模倣型の利点は既に模倣するパーティーが結果を出していることにある。強いパーティーだから結果を残した。その強いパーティーを使えば良い結果を残すと考える人は絶えない。当然と言えば当然だろう。特にこの砂嵐型は、ライモンカップやサイユウシリーズなどでも結果を出している由緒正しいパーティーだ。それに対して、対策型は文字通り「トップパーティー」を対策したパーティーを構築する。トップパーティーに対するメタであるので、この対策パーティーを一般に「トップメタ」と呼ぶ。砂嵐への対抗策としては雨や霰など他の天気を扱うパーティーが有力と見なされた。事実、翌年のタマムシ国際ポケモン大会ではトップパーティーではなくトップメタである霰パーティーが優勝した。この大会の六十四位までのパーティー分布は砂嵐が変わらず二十九人と一番割合が大きい。優勝者のシブカワマサトは取材に対し、「昨今は砂嵐が流行っているので、そこを狙って霰で攻めてみました」とも発言をしている。メタを読んだシブカワが、トップパーティーを下した瞬間だ。

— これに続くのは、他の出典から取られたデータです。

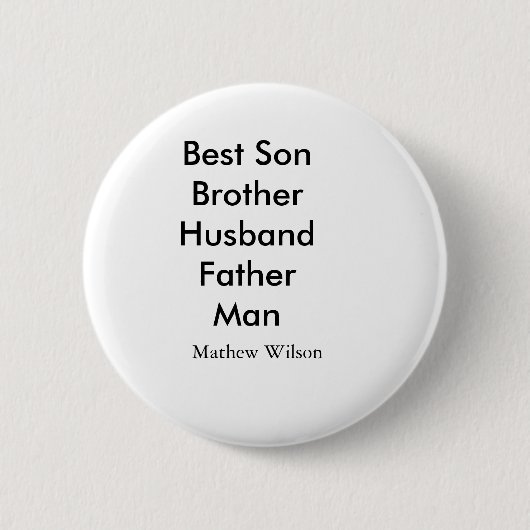 Bester Mann Sohn Ehemann Vater Zitate Name Text Button (Vorderseite)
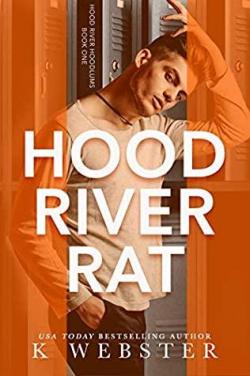 Hood River Rat (Hood River Hoodlums #1) par K. Webster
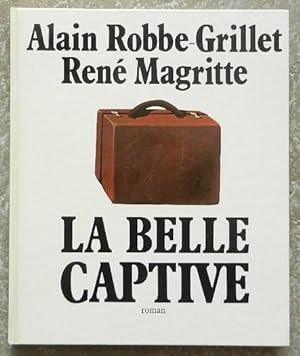 Bild des Verkufers fr La belle captive. zum Verkauf von Librairie les mains dans les poches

しかし、その半年後のセキエイ大会ではタマムシ国際ポケモン大会では六十四人中九人だった霰パーティーが、六十四人中四十人にまで爆発的な増加をした。模倣型トレーナーがシブカワが優勝して霰パーティーが結果を残したのを確認し、鞍替えをしたのだ。こうしてトップパーティー<トップメタとバランスが崩れるとある異変が起こる。霰パーティーが新たなトップメタになるのだ。これ以降は霰に相性のいいパーティーを模索しつつ、また新たなトップパーティーが生まれていくだろう。そして新たにトップメタが生まれ、より高次の「メタ・メタゲーム/meta-metagame」へ、さらにより高次のものへと無限に続いていく。流動的な情報を追いかける必要があるため、メタゲームも流動的なのである。

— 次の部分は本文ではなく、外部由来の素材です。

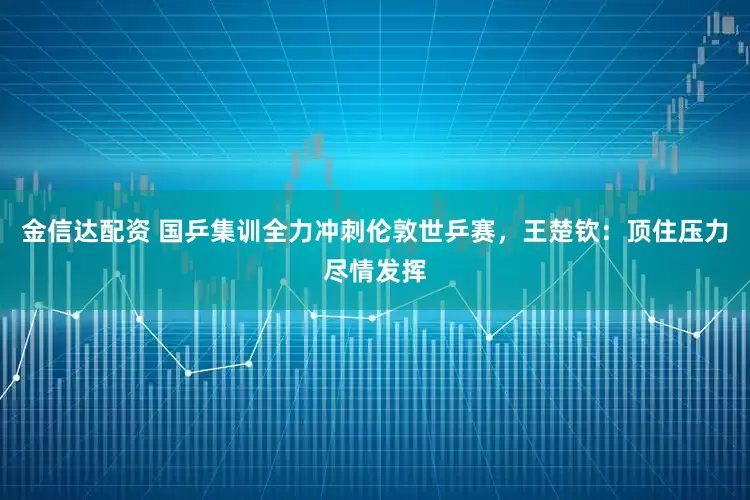 金信达配资 国乒集训全力冲刺伦敦世乒赛，王楚钦：顶住压力尽情发挥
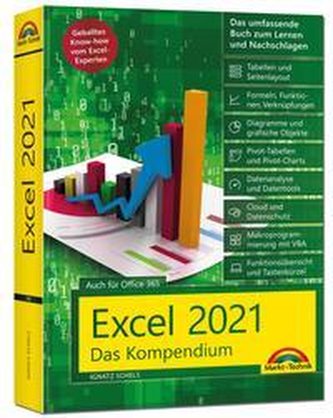 Excel 2021- Das umfassende Excel Kompendium. Komplett in Farbe. Grundlagen, Praxis, Formeln, VBA, Diagramme für alle Excel Anwen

情報を征する者が試合を征す。模倣するにしても対策するにしても情報は必要だ。情報の処理こそが強いトレーナーとしての登竜門であろう。しかし、この情報化には欠点もある。ポケモンの世話や訓練だけで済んだ昔とは違い、インターネットなどが普及して誰でも情報が手に入る以上、ポケモンの世話などだけでなく情報の処理もこなさなくてはいけない。これはトレーナーにとっては非常に大きな負担となる。その役割を分散することが、ポケモンバトルの集団化の大きな原因になった。
集団化することで、バトルはより洗練されていった。しかしその反面集団化は欠点も抱えている。一人だけでは集団には敵わないため、集団を作る、あるいは集団に入る必要性がある。集団に入る者が増えればそれだけ一つの集団が巨大化していく。巨大化しすぎると、それは現在のポケモンバトル界を全て飲み込んでしまう可能性がある。飲み込まれてしまえばその大きな集団の秩序がポケモンバトルの秩序となり、独裁的な界隈へと変貌する可能性も否めない。そこには今までのようなポケモンバトルは無くなってしまうだろう。
これから先のポケモンバトルの未来は果たしてどうなるのか。今後も集団のままあり続けるのか、それとも肥大して組織化するのか。もしくは崩壊して個人化するのか。個人と組織の中間にある現在、我々は岐路に立たされている。